What's All the Buzz About
What’s that you said? I’m sorry, could you repeat that? Would you speak up, please? I can’t hear a thing you just said!
Sorry about that. It’s just hard to hear around here lately with all the cicadas. Many of you have probably heard—or maybe you’ve been infested as well—but the Midwest is home to a very populous brood of 17-year cicadas, and 2007 was their year.
For 17 years, these cicadas live underground as nymphs, quietly sucking the sap from tree roots. Most of us don’t even know they’re down there all that time. But boy, do we know now.

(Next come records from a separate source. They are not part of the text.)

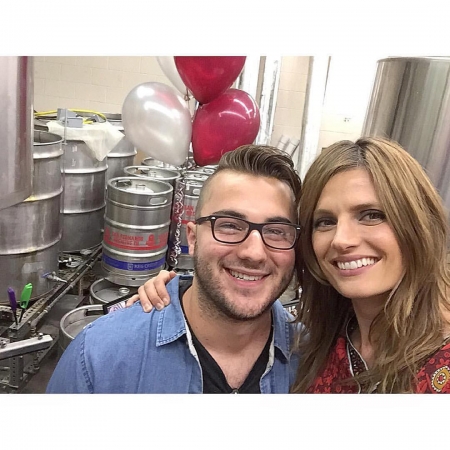 [url=http://instagram.com/p/BECZbmLE458]@d_hibbard[/url]: Nunca consegui ficar de olhos abertos em fotos, mas nunca fui tão mal assim. Eu culpo a cerveja. Mas ao menos Stana está bonita. 😍 #ABCCastle #StanaKatic #Beckett
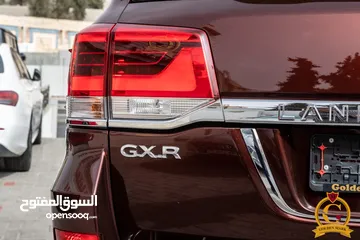  5 Toyota Land Cruiser 2017 Gx-r V8  السيارة بحالة الوكالة و قطعت مسافة 80,000 كم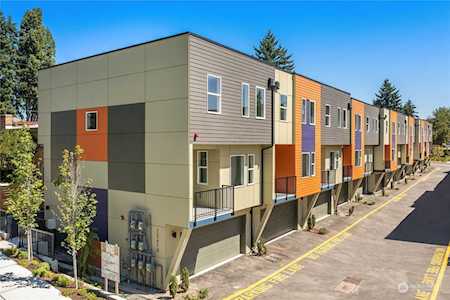 15610 8th Ave SW #111 Burien, WA 98166
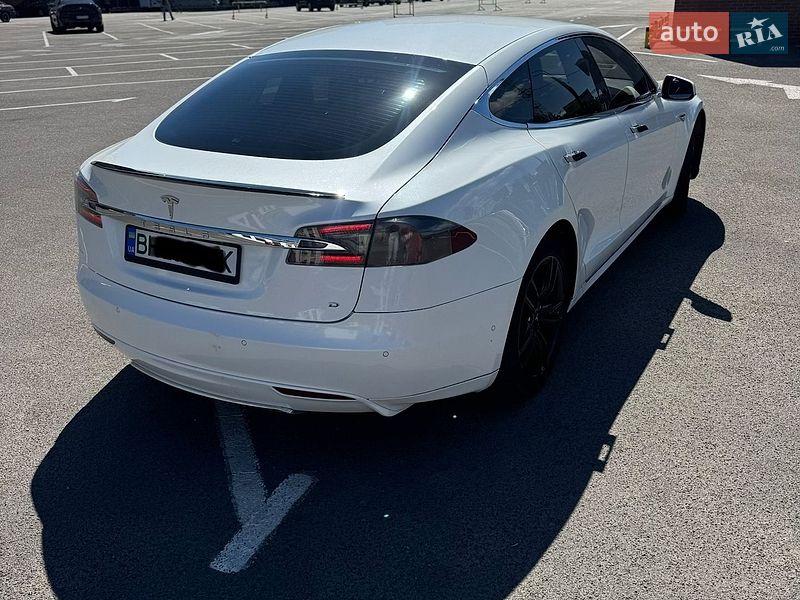 Ліфтбек Tesla Model S 2015 в Одесі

We’re told that, in some areas, there are 1–1.5 million cicadas per acre (400,000–600,000 per hectare, or 250–370 cicadas per square meter).
Around the beginning of June, the nymphs began crawling out of the ground and making their way up tree trunks, where they attached themselves, shed their skins and transformed into winged adults. And then the chorus began.
In some areas, the noise is almost deafening. It seems more or less constant, but if you stand and listen, you can hear the cicadas react to each other en masse, their chirps rising in great waves of crescendos.
And then there are the dive-bombers. Cicadas aren’t particularly good navigators, and they’ll latch onto pretty much anything they run into, even—say—an editor out for an evening stroll.